Word for word, reproduce the records, keeping none of the pictures.

Records contained in a dataset:
——

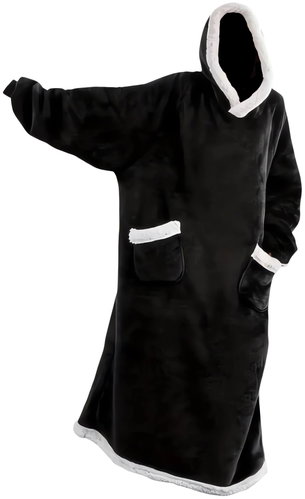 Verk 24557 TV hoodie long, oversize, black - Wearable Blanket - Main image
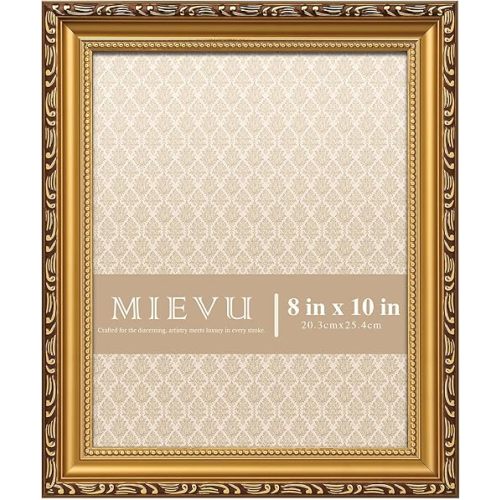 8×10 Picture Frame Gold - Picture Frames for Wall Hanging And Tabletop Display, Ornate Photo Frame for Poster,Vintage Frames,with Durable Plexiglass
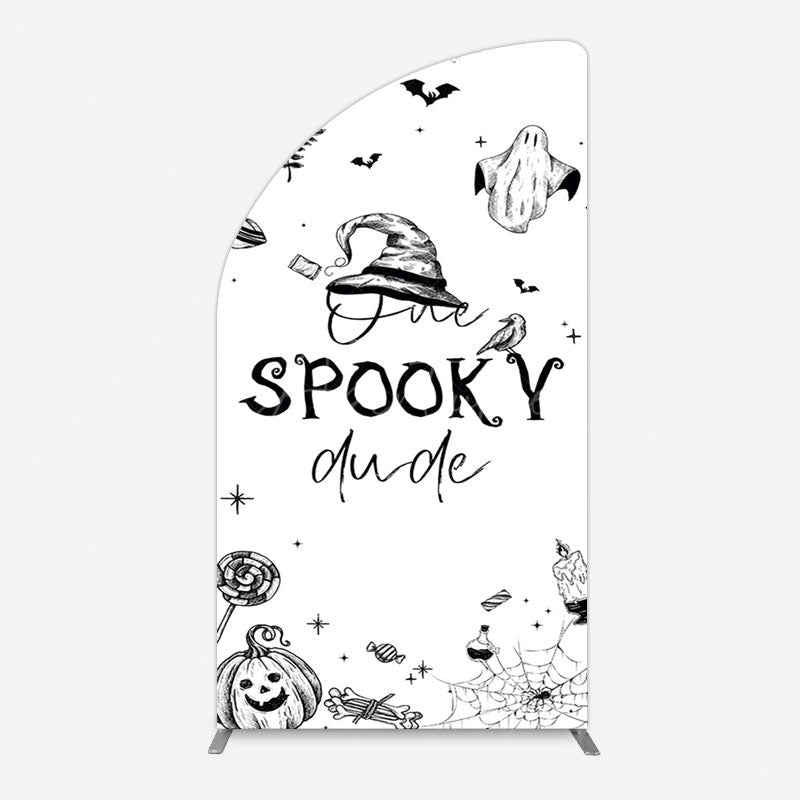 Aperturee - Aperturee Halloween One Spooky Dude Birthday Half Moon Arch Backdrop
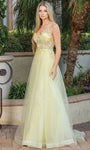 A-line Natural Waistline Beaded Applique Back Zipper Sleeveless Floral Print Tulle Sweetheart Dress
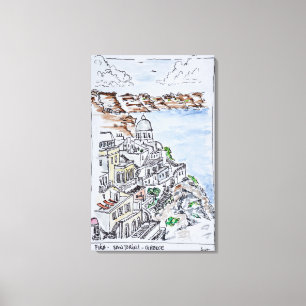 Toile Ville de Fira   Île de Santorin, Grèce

——

SOLUTION:
 Verk 24557 TV hoodie long, oversize, black - Wearable Blanket - Main image
 8×10 Picture Frame Gold - Picture Frames for Wall Hanging And Tabletop Display, Ornate Photo Frame for Poster,Vintage Frames,with Durable Plexiglass
 Aperturee - Aperturee Halloween One Spooky Dude Birthday Half Moon Arch Backdrop
 A-line Natural Waistline Beaded Applique Back Zipper Sleeveless Floral Print Tulle Sweetheart Dress
 Toile Ville de Fira   Île de Santorin, Grèce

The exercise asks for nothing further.